§ **Action item**
Begin your copy at the line with "Samsung vs Hynix.jpeg" in the records below and end it at the line with "浜松町駅の通路・改札口の現状", restating each line word for word; omit the pictures.

─── Material for this task ───

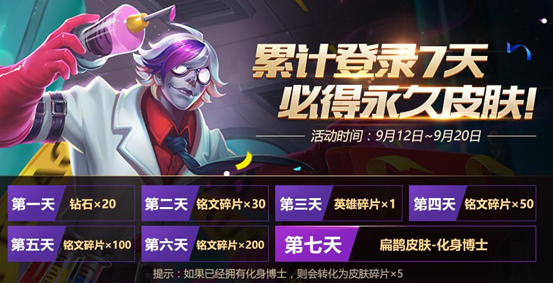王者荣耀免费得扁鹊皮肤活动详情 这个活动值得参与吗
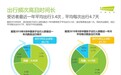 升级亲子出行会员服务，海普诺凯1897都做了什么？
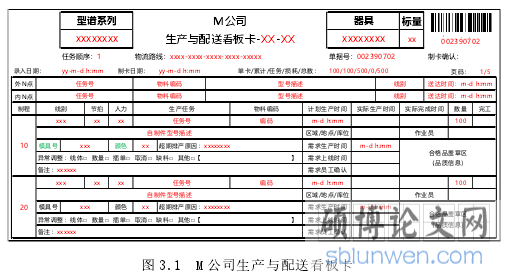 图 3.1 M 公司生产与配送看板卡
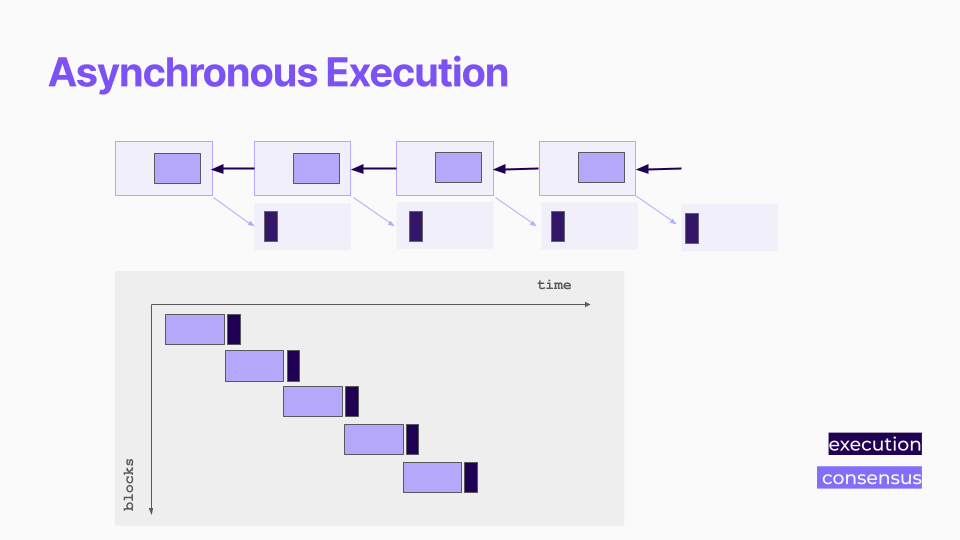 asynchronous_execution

───
─── Material for this task ───

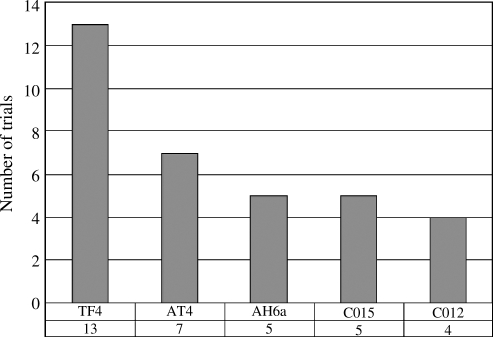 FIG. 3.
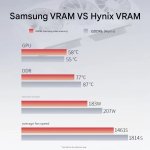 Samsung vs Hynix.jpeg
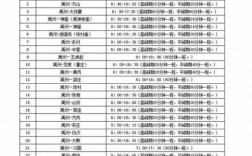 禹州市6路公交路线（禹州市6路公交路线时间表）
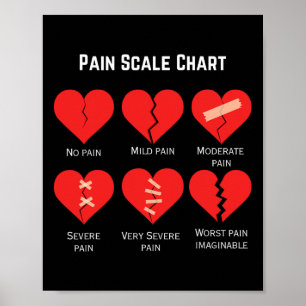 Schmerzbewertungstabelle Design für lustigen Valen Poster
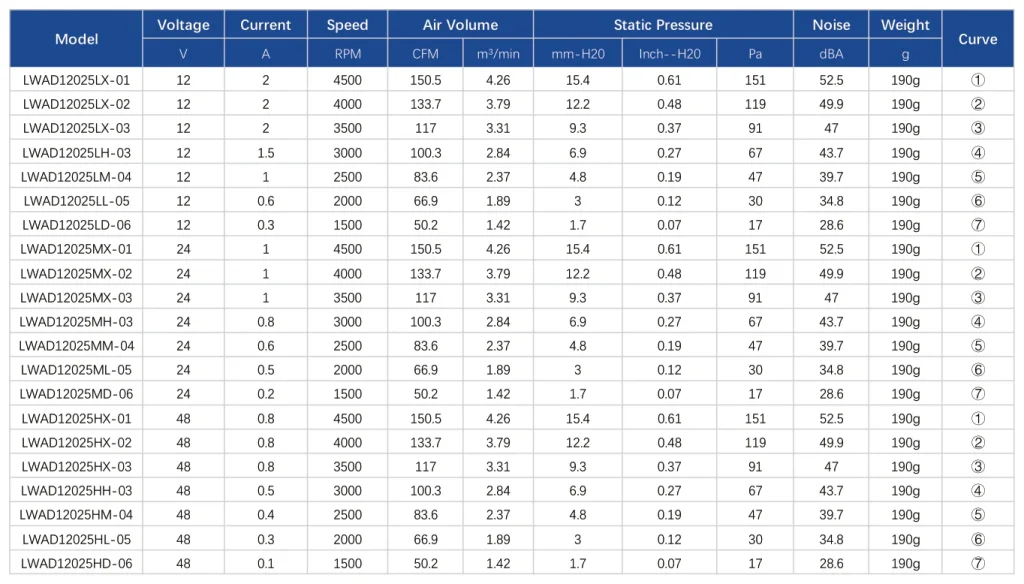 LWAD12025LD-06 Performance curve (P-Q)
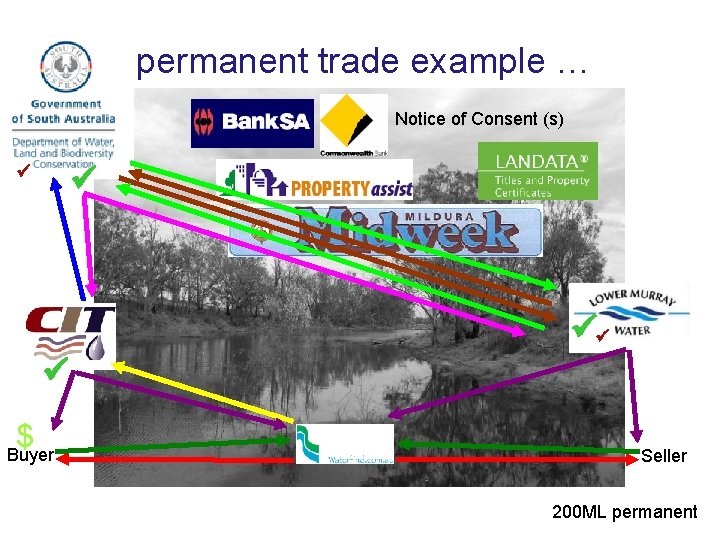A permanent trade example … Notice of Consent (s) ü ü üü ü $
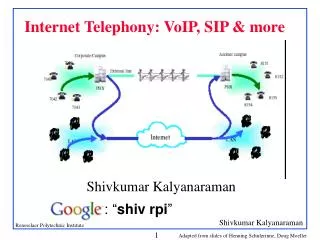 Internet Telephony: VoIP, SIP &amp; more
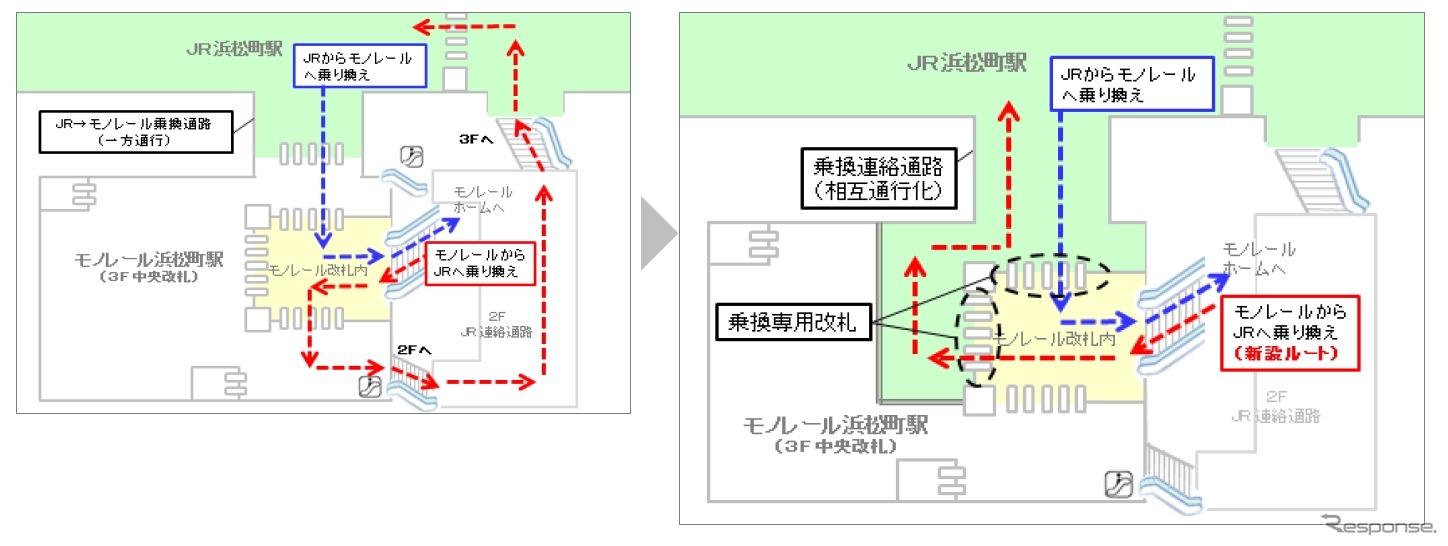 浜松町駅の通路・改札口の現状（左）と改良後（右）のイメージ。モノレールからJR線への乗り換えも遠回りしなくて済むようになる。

───
─── Material for this task ───

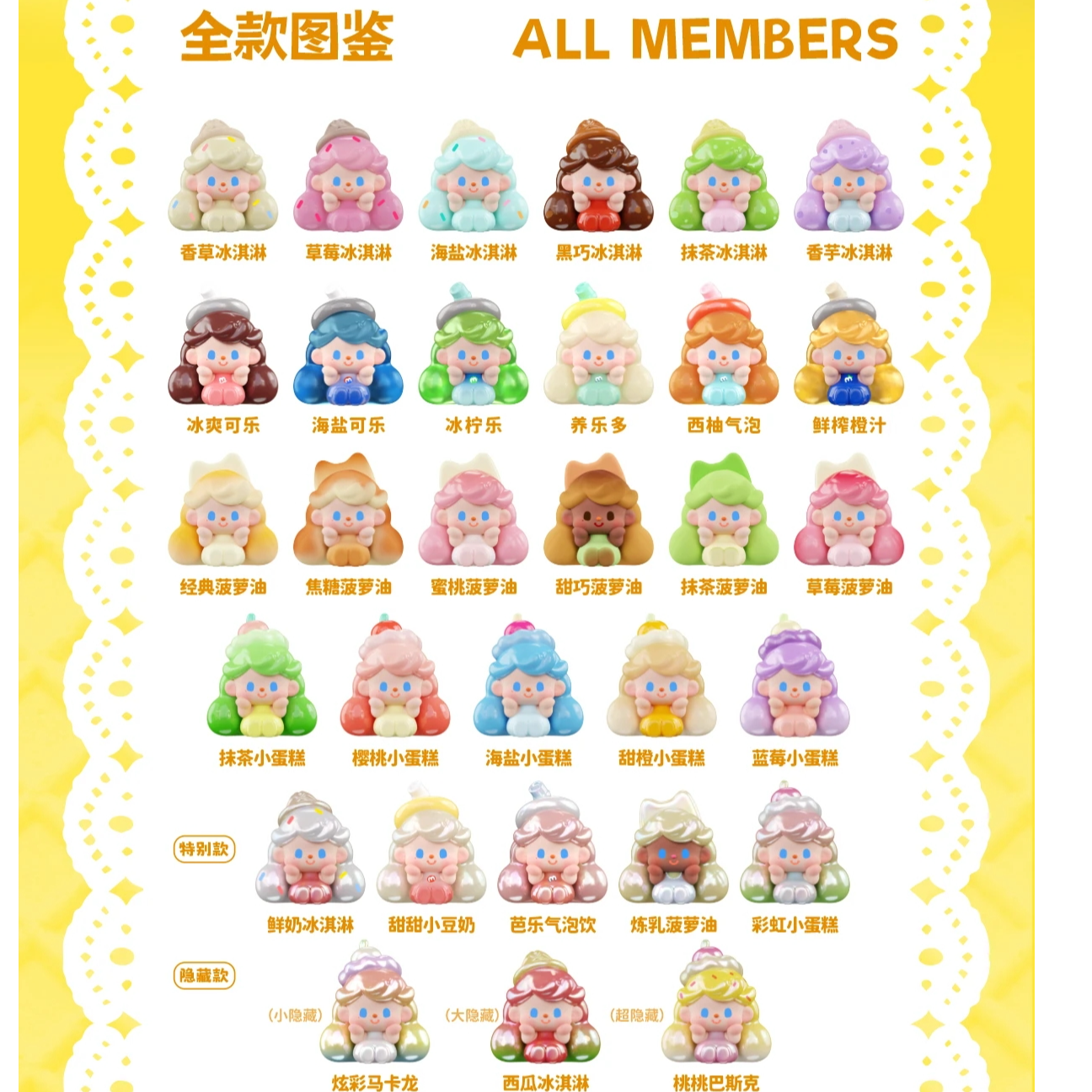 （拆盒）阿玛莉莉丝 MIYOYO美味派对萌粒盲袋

───

§ **Result for this exercise**
 Samsung vs Hynix.jpeg
 禹州市6路公交路线（禹州市6路公交路线时间表）
 Schmerzbewertungstabelle Design für lustigen Valen Poster
 LWAD12025LD-06 Performance curve (P-Q)
A permanent trade example … Notice of Consent (s) ü ü üü ü $
 Internet Telephony: VoIP, SIP &amp; more
 浜松町駅の通路・改札口の現状（左）と改良後（右）のイメージ。モノレールからJR線への乗り換えも遠回りしなくて済むようになる。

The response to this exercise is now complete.